Python scientific computing package numpy usage example details, pythonnumpy
This article describes how to use the Python scientific computation package numpy. We will share this with you for your reference. The details are as follows:
1. Data Structure
Numpy uses a matrix data structure similar to Matlab called ndarray to manage data, which is more powerful than the list of python and the array class of the standard library and easier to process data.
1.1 array generation
In numpy, you must specify the data type to generate an array. The default value is int32, which is an integer. You can specify the data type by using the dtype parameter. Generally, int32, bool, float32, uint32, and complex are used, represents integer, Boolean, floating point, unsigned integer, and plural
Generally, there are several ways to generate an array:
Generate with list as the parameter (convert back to list using tolist ):
In[3]: a = array([1, 2, 3])In[4]: aOut[4]: array([1, 2, 3])In[5]: a.tolist()Out[5]: [1, 2, 3]
Specify the start point, end point, and step to generate an equal-difference sequence or an equal-ratio sequence:
In[7]: a = arange(1, 10, 2)In[8]: aOut[8]: array([1, 3, 5, 7, 9])
In[13]: a = linspace(0, 10, 5)In[14]: aOut[14]: array([ 0. , 2.5, 5. , 7.5, 10. ])
In [148]: a = logspace (0, 3, 10) #0 indicates that the starting point is 10 ^ 149, 3 indicates that the starting point is 10 ^ 3, and the base number is specified by the base parameter In []: aOut [148]: array ([1 ., 2.15443469, 4.64158883, 10 ., 21.5443469, 46.41588834, 100 ., 215.443469, 464.15888336, 1000.])

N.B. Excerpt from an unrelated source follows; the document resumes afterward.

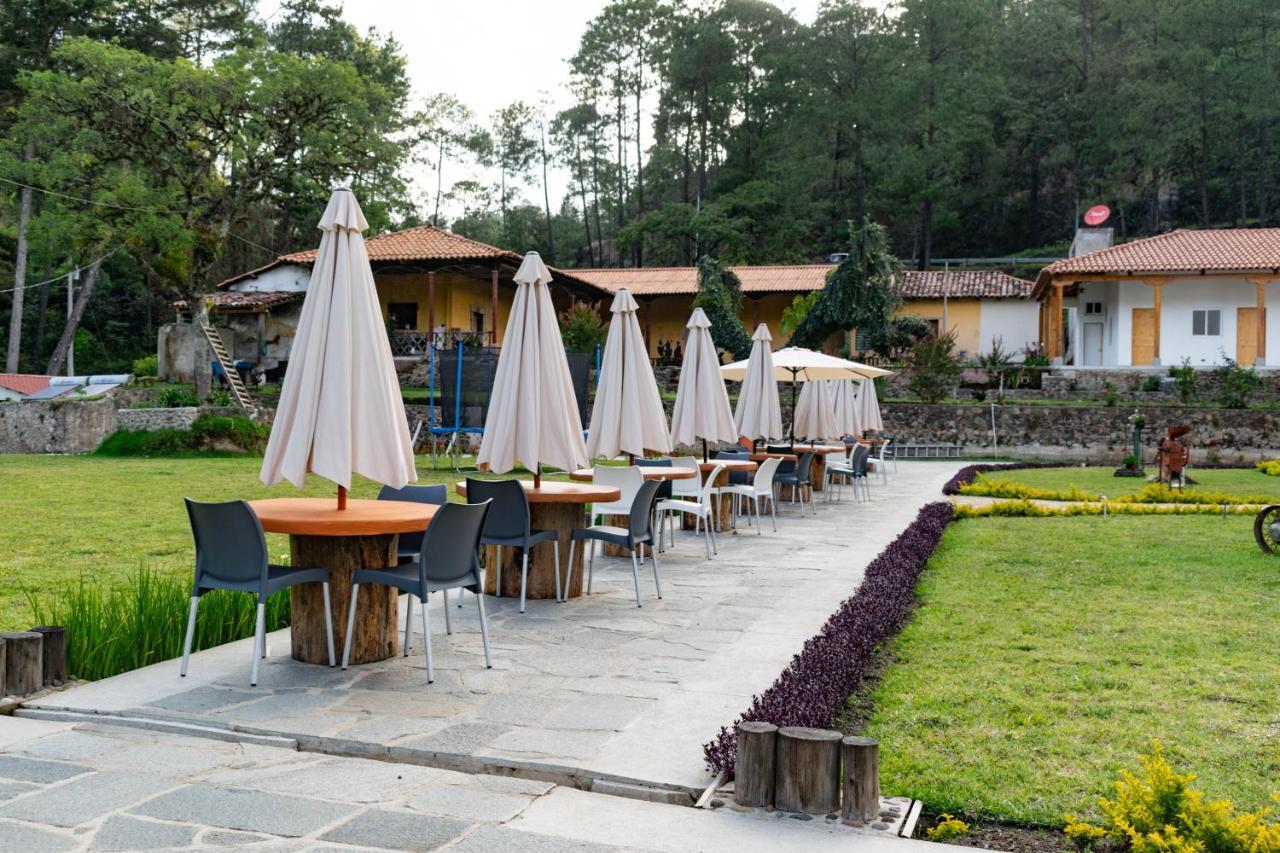 Casa Montana Hotel Chichicastenango Exterior foto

Generate from the iterator:
In[17]: iter = (i for i in range(5))In[18]: a = fromiter(iter, dtype=int32)In[19]: aOut[19]: array([0, 1, 2, 3, 4])
Generate from the function:
In[156]: def f(i, j):... return abs(i-j)... In[157]: fromfunction(f, (4, 4))Out[156]: array([[ 0., 1., 2., 3.], [ 1., 0., 1., 2.], [ 2., 1., 0., 1.], [ 3., 2., 1., 0.]])
You can also use zeros, ones, empty, and other functions to quickly create arrays.
The matrix is regarded as a two-dimensional array:
In[24]: b = array([arange(5), arange(1, 6), arange(2, 7)])In[25]: bOut[25]: array([[0, 1, 2, 3, 4], [1, 2, 3, 4, 5], [2, 3, 4, 5, 6]])
The same method can be used to expand to higher dimensions.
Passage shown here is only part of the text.